As the snow falls and temperatures hover between teens and just below freezing, there’s nothing that I need to do in the gardens. Oh, there’s lots I COULD (Should?) be doing to facilitate next year’s success (And this time of year we gardeners never doubt that the coming garden will be a success!) but that’s another post.
Yesterday I spent some time reading other gardening blogs, which is something I don’t have time to do during the actual gardening season. Afterwards, I let my mind ponder what I’d seen and read. What kept coming back to me was this photo from a New Zealander’s garden showing Santa in the flower border, his red suit striking against the brilliant green foliage and a beautiful sunflower blossom.
Sarah O’Neil, author of “Sarah The Gardener” blog, was breathing a big sigh of relief that she’d survived the hectic combination of Christmas with all it’s gatherings, shopping, extra cooking, etc., the deluge of work with planting and harvesting her huge veggie garden, and the children being on winter holiday! Somehow, in my 70 years, my mind had never grasped that exact concept. Oh, I realized that when we have summer, the other side of the world has winter and vice versa, but I never really thought about the consequences! I can’t imagine having to do all the decorating, wrapping, card sending, holiday programs and all the rest simultaneously with getting the garden in order and planted, and dealing with the first harvests!

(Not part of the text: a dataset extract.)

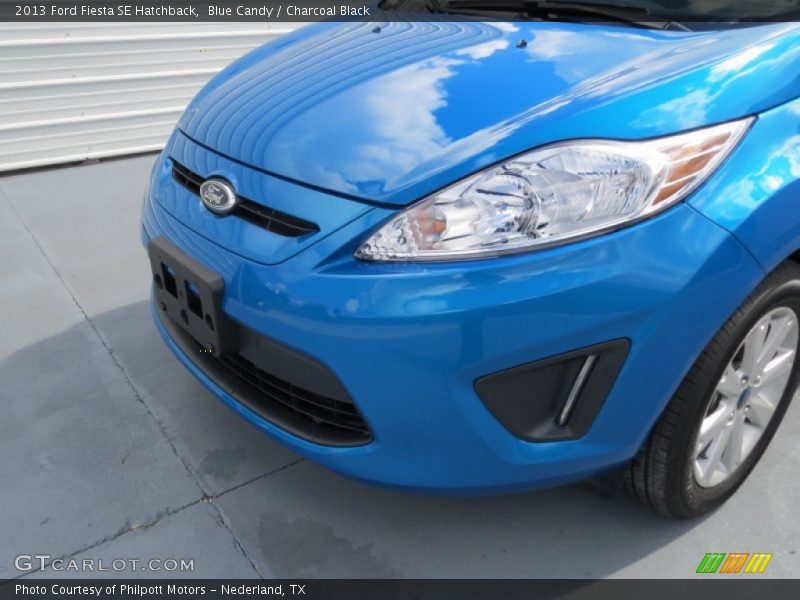 Blue Candy / Charcoal Black 2013 Ford Fiesta SE Hatchback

Just imagine! The two things I love most, that require the most time and energy to do well, happening at the same time! If I’d ever thought of moving to Australia or New Zealand that would stop me. I love the fact that here frost comes and puts an end to the garden chores. Then we put away our tools, bake the fruitcakes so they can mellow, begin the shopping and soon we’re untangling the lights and making eggnog. Here, fortunately, Christmas comes with its glitter and merriment just when we are dreading winter and all the gardening has ended for the year. And then we box up the decorations, carefully storing the lights so that NEXT year they won’t be tangled (but somehow, they always are!) and begin dreaming over the seed catalogs and planning the new garden. Imagine having to deal with Christmas when the beans need canning, the weeds need pulling, and the cukes need pickling!

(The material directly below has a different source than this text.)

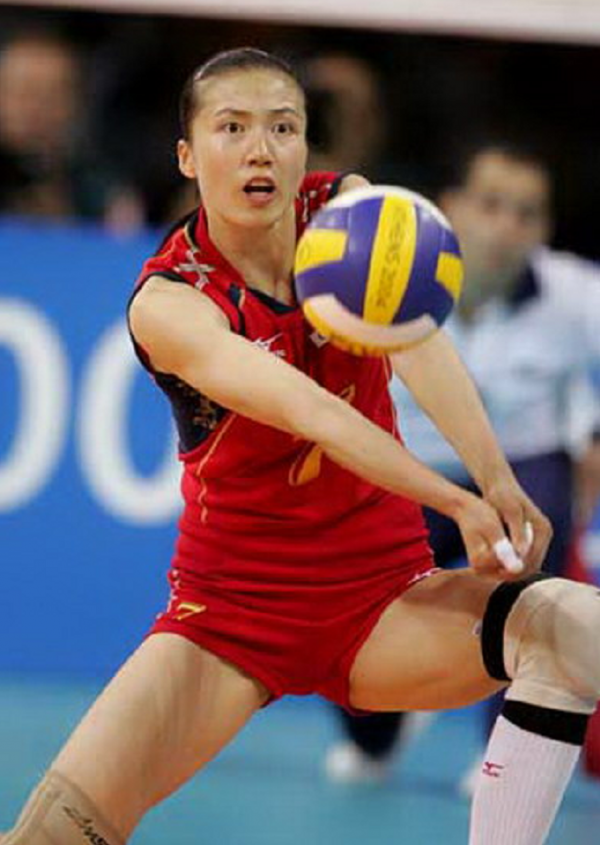 “郎平接班人”周蘇紅：照顧癱瘓丈夫5年後，為何轉身改嫁富商？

I am never going to complain about the to-do lists for either Christmas or gardening again! I’m blessed that for me, these two wonderful events are spread far apart, and both happen exactly when I need them. But, hats off to you, Sarah, and to all of those on the other side of the world who are able to accomplish both. I’m immensely glad I don’t have to try!
Do pop over to Sarah, The Gardener at https://gardeningkiwi.wordpress.com. She has a lovely veggie garden and you’ll get some new ideas and just enjoy her vitality. Sarah is also the author of three books: “Play in the Garden,” “Growing Vegetables,” and “The good life.”

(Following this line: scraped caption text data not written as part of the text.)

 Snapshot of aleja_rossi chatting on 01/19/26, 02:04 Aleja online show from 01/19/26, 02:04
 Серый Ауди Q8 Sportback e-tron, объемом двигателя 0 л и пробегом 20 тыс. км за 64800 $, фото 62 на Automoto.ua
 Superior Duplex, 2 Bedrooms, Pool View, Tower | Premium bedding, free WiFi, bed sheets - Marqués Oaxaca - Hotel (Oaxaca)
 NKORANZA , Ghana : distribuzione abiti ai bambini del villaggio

I love the winter break, myself. It’s like the ((SIGH)) of a job well done, now for rest! Just like the earth!
I have a friend in Australia, we share our love of gardening through letters and it’s always a surprise when she is talking about putting away her tools for the pending winter and I’m just preparing to plant my first seeds. Living in Florida has an advantage of a longer growing season but I am a true northern transplant and still like to let the garden rest for the winter while I peruse seed catalogs, clear away debris and make sure my tools are in good form for the upcoming season.
Thank you for the recommendation on the other blog. Are there any other gardening blogs you enjoy?